Uno de los primeros vicios que acusó la especie humana fue la risa. Perdido en los albores de nuestra evolución quedó el instante en que un homínido por vez primera emitió –y disfrutó íntimamente– el puro sonido de la risa. En lo sucesivo, este primitivo precursor buscaría la soledad de algún gran árbol para regalarse con tímidas carcajadas que luego reprimiría temeroso y desconcertado.
En otro instante veremos grupos de primates reuniéndose en secreto, conformando tal vez las primeras cofradías clandestinas. Sus rituales debieron de ser muy sencillos: montaban rudimentarias representaciones de situaciones diversas ocurridas en la comunidad, así exhibieron vicios y torpezas, ingenuidades y descuidos, prepotencia y falsas pretensiones, encarnados en personajes obtusos. Había nacido la comedia.

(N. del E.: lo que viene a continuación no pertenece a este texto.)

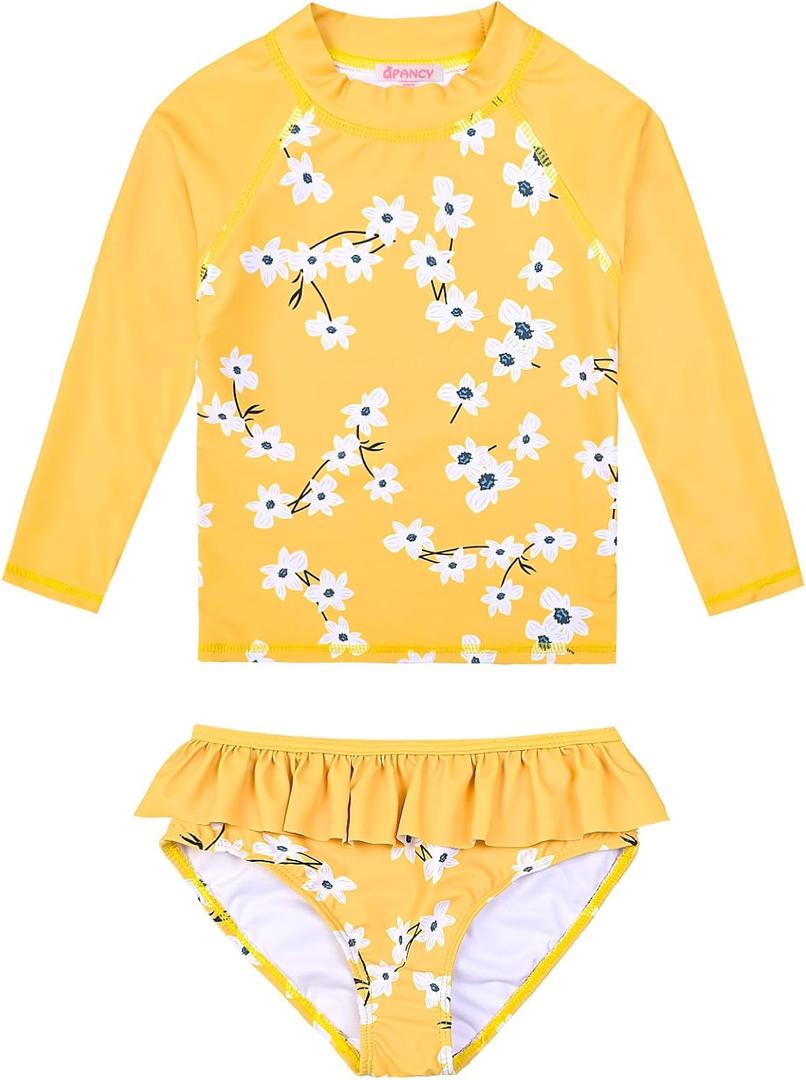 Little Girls Rash Gard Two-Piece Swimsuit Girls Long Sleeve Bathing Suit UPF 50+ Sun Protection Crushed Flower, Size 6/7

En el seno de estas congregaciones surgirían los primeros cómicos, individuos dotados de capacidad histriónica muchas veces enriquecida por alguna peculiaridad (una pierna renga, una nariz prominente) que hacían brotar el espontáneo caudal de la risa. Surgió así una verdadera genealogía de bufones, saltimbanquis, payasos y mimos, consagrados a producir el codiciado efecto de la risa prosaica y glotona.
Desde entonces comenzó a correr libremente, se vendía barata en los mercados de las primitivas aldeas, serpeaba por callejuelas retorcidas y estallaba en cada boca como una epidemia. Leyendas ancestrales recuerdan a pueblos enteros enloquecidos por la risa, sangrientos sacrificios perpetrados en mitad de delirantes carcajadas, cruentas guerras de risa y furor sin bandos ni vencedores.
Siglos después, en los arrabales de las grandes ciudades de la antigüedad, se levantaron las primeras carpas a donde el vulgo acudía a celebrar la risa. Mientras las obras de Sófocles honraban los grandes foros de la Grecia clásica y todas las exquisiteces del arte alcanzaban sus notas más elevadas, la risa ardía en las periferias y se oficiaba en tabernas y pocilgas; como pasto de la muchedumbre, encarnaba en procaces celebraciones donde toda era irreverencia y transgresión, donde todo apuntaba hacia la anarquía.
En algún momento las fuerzas del orden actuaron y la risa sufrió medievales persecuciones que culminaban al atardecer en grandes piras resplandeciendo sobre las plazas. Categóricas interdicciones se impusieron así con crueles censuras. Algunos afirman que la crueldad proviene del miedo y, cosa muy curiosa, el miedo algunas veces conduce a la risa. En estas complejidades se perdieron los inquisidores y para la risa se abrió poco a poco un amplio horizonte, primero de tolerancia, después nuevamente de libertinaje.
La era moderna ha conocido elaborados convencionalismos en los que la risa juega un discreto pero decisivo papel: se ríe por compromiso, respondiendo a un oscuro mecanismo de defensa o para llenar los vacíos del espíritu; se ríe para consentir o rechazar, para sellar una alianza o perpetrar una traición.
En la actualidad, una poderosa industria explota la necesidad humana de reír; a diario se invierten millones para mantener activa la gran maquinaria de la risa, esa inmensa carcajada colectiva que hace fluctuar los mercados y pone de cabeza a los regímenes.
Lejos ha quedado el momento, y hemos de añorarlo, en que el ser humano se reunía espontáneamente para celebrar la risa.